More than thirty different stones adorn the exceptional pieces. Their interaction with the light, their streaks and subtle nuances endowed each creation with a unique character. Taking inspiration from the Pop Art movement, Piaget procured some stunning visual effects through its various combinations of hard stones. These combinations soon made their presence felt in bracelets, transforming watches into jewellery pieces.
Hard stones: a world of symbols
With the appearance of hard stone dials, Piaget carved out a reputation for creativity and expanded into a powerfully symbolic and evocative world.
In the long artistic and cultural history of imperial China, jade had always enjoyed a very special significance, almost comparable to that of gold and diamonds in the West.
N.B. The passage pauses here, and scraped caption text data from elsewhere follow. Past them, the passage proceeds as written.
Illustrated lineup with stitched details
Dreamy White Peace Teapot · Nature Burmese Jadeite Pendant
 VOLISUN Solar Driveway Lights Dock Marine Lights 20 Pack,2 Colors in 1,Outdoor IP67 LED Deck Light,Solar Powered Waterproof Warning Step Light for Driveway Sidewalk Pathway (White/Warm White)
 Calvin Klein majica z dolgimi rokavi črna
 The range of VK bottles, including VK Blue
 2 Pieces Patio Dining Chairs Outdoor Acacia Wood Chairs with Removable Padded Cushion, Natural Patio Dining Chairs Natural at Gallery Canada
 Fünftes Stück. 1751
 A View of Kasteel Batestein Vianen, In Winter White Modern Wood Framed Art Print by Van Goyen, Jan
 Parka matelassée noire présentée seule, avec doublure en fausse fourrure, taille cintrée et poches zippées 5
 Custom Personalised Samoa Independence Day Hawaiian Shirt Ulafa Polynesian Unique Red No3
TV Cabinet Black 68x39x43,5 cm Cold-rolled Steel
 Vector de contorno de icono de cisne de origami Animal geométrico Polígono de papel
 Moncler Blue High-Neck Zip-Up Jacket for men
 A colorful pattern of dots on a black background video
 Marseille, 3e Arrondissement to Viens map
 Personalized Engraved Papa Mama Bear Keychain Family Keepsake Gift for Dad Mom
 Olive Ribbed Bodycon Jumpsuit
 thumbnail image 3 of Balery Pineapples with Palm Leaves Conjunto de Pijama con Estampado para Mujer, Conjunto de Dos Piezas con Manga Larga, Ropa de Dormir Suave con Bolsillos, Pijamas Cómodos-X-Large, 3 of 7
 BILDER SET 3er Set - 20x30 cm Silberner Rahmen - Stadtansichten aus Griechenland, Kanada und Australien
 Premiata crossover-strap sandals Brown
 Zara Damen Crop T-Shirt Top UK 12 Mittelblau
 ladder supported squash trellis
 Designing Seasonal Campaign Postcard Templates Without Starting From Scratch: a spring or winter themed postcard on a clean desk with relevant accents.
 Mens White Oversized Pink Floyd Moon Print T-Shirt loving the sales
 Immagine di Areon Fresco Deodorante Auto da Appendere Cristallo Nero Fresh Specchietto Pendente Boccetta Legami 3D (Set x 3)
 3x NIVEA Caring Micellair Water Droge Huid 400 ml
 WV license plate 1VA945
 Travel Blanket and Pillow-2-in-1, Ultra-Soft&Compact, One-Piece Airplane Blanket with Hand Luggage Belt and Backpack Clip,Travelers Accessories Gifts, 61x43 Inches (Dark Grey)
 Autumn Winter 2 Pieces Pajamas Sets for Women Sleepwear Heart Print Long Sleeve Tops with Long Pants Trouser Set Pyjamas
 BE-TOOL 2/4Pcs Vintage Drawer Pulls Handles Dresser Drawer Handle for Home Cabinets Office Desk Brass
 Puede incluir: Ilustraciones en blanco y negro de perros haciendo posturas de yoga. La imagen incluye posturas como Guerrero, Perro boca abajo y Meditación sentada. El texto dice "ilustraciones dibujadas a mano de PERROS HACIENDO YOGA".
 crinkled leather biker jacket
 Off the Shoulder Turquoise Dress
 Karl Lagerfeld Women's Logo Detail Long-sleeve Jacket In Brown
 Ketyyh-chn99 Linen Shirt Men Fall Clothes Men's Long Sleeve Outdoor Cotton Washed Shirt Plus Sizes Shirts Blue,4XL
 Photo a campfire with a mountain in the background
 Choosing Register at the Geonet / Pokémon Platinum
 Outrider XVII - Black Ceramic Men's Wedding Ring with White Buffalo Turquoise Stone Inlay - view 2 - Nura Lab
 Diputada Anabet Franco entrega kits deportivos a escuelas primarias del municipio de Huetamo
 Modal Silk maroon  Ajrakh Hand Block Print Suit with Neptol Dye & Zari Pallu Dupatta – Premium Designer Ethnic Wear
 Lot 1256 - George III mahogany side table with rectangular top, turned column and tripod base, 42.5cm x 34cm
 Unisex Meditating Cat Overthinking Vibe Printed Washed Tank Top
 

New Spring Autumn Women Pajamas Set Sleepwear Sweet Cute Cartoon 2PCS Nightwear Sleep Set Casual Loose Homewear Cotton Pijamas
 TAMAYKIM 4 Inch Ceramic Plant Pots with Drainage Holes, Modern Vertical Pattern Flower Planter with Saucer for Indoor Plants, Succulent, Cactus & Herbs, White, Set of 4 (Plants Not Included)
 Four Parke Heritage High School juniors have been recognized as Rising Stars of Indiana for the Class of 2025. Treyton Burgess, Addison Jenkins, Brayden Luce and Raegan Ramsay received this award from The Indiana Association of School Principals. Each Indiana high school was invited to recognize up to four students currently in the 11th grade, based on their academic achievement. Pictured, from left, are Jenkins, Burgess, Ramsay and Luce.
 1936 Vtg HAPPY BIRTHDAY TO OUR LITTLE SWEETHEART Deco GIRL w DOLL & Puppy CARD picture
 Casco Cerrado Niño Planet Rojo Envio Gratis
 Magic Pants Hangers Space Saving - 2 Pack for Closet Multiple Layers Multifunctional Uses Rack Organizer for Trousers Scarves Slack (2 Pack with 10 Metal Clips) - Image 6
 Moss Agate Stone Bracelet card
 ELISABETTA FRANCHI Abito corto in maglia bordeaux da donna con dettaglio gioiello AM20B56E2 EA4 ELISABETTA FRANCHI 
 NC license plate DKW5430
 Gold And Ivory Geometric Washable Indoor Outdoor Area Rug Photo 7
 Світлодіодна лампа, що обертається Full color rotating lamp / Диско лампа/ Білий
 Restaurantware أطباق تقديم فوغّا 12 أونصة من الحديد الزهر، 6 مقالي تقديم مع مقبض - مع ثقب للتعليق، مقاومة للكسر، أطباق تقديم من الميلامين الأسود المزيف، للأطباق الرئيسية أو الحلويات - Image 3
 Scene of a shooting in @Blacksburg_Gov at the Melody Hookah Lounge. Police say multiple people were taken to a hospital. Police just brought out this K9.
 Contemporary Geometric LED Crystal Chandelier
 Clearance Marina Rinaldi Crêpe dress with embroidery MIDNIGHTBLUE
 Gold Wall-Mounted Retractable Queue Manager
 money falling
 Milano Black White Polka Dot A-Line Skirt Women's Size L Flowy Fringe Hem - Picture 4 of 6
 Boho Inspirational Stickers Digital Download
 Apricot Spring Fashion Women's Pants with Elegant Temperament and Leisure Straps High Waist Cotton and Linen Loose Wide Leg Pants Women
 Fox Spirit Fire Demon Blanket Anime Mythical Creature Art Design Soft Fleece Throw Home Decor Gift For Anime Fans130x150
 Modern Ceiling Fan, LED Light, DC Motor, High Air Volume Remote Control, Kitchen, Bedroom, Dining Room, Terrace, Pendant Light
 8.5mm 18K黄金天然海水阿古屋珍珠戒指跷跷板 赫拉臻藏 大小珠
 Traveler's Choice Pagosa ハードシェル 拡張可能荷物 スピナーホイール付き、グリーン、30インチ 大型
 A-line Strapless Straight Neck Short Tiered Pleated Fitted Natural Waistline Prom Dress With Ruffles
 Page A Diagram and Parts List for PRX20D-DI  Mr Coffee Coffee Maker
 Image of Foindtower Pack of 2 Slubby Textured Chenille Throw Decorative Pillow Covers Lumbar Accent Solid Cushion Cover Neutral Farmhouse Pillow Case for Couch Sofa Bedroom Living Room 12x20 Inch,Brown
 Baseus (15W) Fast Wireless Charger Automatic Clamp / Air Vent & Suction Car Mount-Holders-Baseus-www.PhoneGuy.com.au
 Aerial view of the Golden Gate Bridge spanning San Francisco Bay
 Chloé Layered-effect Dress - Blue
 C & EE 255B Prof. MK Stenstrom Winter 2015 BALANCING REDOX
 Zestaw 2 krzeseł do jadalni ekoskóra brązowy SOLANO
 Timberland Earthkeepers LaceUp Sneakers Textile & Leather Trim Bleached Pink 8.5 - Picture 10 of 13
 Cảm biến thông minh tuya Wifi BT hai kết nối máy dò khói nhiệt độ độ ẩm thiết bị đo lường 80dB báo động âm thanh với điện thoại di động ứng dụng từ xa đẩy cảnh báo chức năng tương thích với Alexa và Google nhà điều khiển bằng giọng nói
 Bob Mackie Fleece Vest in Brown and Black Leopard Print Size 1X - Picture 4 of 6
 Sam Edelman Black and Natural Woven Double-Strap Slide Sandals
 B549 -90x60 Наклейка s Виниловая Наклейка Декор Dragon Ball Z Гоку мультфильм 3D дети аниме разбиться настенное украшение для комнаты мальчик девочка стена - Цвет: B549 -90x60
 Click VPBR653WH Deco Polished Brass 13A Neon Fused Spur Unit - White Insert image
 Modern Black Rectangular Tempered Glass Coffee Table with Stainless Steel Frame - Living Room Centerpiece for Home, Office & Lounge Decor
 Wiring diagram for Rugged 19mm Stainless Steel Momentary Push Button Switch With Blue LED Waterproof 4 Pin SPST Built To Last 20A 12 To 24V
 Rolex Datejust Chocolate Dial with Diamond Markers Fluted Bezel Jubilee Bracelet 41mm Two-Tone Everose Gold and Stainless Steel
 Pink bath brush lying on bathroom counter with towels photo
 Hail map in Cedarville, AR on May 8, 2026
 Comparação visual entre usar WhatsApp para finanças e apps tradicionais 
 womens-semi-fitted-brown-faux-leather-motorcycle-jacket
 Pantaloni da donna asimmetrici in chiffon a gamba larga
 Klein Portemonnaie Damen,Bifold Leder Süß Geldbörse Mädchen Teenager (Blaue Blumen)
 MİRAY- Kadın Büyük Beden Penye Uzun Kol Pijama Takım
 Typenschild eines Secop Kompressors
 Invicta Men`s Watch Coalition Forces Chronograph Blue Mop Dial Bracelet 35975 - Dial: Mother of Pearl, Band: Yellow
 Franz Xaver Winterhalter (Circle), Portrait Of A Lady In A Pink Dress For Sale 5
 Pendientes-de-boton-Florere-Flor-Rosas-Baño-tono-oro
It was used not only for refined objects and religious statues but also to decorate the tombs of high-ranking Imperial figures. The stone was regarded as the symbol of all that was good, beautiful and precious. It embodied the virtues of Confucius: wisdom, justice, compassion, modesty and courage.
Famed for its iridescence, opal features in several legends linked to its composition and the difficulty of working the stone. From time immemorial, opal has been thought to have healing powers. It is also a symbol of purity.
Used in jewellery for several thousand years, in particular by the Egyptians, turquoise is said to be a talisman of protection and good fortune. In many of the cultures of Antiquity and the New World, this stone was seen as blessed, a harbinger of good fortune and protection. Its colour is evocative both of the sky and the sea. A deep blue stone, studded with pyrite giving it the magic of a starry sky, it was one of the first stones used by ancient civilisations for jewellery and decorative objects. The Egyptians and other people of the Middle East believed it had the power to ward off evil.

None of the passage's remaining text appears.